It is revealed that the rate of increase in ultimate load caused by an increase in concrete compressive strength is greater than that caused by an increase in CFRP cross-sectional area. This finding may refer to that increasing the concrete grade has a substantial impact on improving the strain hardening of steel bars as a result of bond and concrete tensile strength improvement, whereas increasing the cross-sectional area of external CFRP sheets has no physical effect on the strain hardening of steel reinforcement bars.
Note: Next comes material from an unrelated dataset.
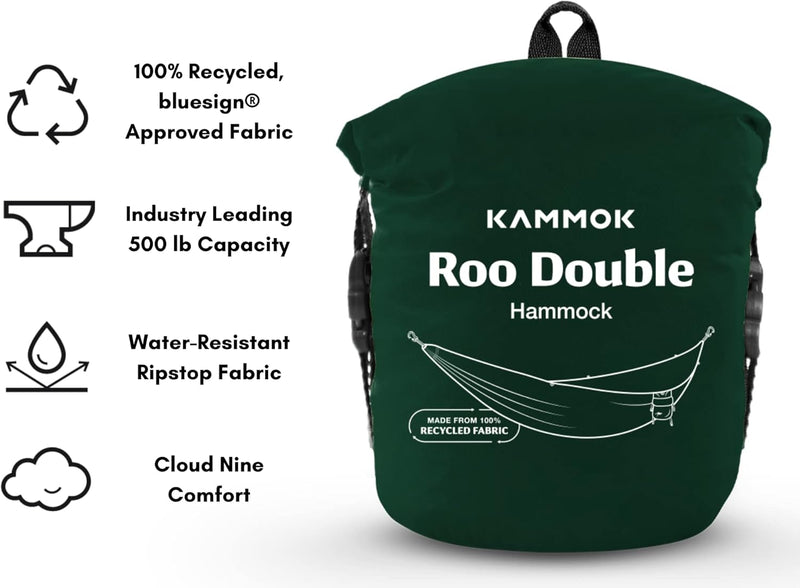 Load image into Gallery viewer, Kammok ROO Double - Pine Green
According to the load variations shown in
Table 5 and
Table 6, increasing the CFRP cross-sectional area to strengthen RC beams with any constant compressive strength can enhance load capacity by up to 20% (As presented in
Table 6). Additionally, using CFRP sheets to strengthen RC beams constructed from high-strength concrete (HSC) is more efficient than using it to strengthen normal concrete (NC) beams, resulting in increasing the ultimate load by 22.3% in the case of NC and by 71.6% in the case of HSC, as shown in
Table 5.
The significant benefit that can be acquired by increasing the cross-sectional area of external unbonded CFRP sheets is by reducing the tensile stresses in CFRP sheets, which results in a reduction in the sheet’s axial strain, which in turn reduces the beam’s curvature and mid-span deflection by about 10% in the case of NC to about 30% in the case of HSC, as shown in
Table 6.